[TASK STATEMENT] Search the entries for the word "Toyota". Copy every line that holds it.

[DATASET CONTENT]

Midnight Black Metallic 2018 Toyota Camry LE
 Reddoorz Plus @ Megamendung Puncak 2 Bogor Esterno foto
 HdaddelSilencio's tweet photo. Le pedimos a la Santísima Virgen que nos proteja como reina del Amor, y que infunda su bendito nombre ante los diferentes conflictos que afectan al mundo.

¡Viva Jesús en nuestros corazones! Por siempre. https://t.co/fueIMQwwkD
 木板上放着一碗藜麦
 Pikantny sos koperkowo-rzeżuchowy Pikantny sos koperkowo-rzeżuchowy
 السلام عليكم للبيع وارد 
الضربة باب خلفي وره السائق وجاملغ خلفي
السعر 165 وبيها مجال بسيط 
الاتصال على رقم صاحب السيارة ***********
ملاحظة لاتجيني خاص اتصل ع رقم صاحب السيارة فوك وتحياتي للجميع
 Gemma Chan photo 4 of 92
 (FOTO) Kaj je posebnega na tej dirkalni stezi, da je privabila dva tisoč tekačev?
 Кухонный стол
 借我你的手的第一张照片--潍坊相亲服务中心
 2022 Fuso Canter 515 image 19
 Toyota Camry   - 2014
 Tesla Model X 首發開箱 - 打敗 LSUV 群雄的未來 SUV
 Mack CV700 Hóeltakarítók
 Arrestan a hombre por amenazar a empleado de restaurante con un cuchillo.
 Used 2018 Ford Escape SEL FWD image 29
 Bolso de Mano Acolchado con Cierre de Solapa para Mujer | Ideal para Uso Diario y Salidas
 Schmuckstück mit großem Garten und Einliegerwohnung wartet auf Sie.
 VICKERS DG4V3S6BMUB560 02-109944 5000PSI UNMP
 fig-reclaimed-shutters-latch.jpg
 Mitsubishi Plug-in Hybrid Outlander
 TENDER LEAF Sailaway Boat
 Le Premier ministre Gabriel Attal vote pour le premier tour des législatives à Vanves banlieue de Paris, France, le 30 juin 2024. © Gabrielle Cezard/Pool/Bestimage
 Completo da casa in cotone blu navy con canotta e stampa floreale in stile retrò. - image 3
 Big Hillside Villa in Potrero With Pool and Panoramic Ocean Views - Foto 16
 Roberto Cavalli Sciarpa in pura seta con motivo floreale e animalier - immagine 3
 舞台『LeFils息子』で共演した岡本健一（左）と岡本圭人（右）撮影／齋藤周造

[SOLVED PROBLEM]
Midnight Black Metallic 2018 Toyota Camry LE
 Toyota Camry   - 2014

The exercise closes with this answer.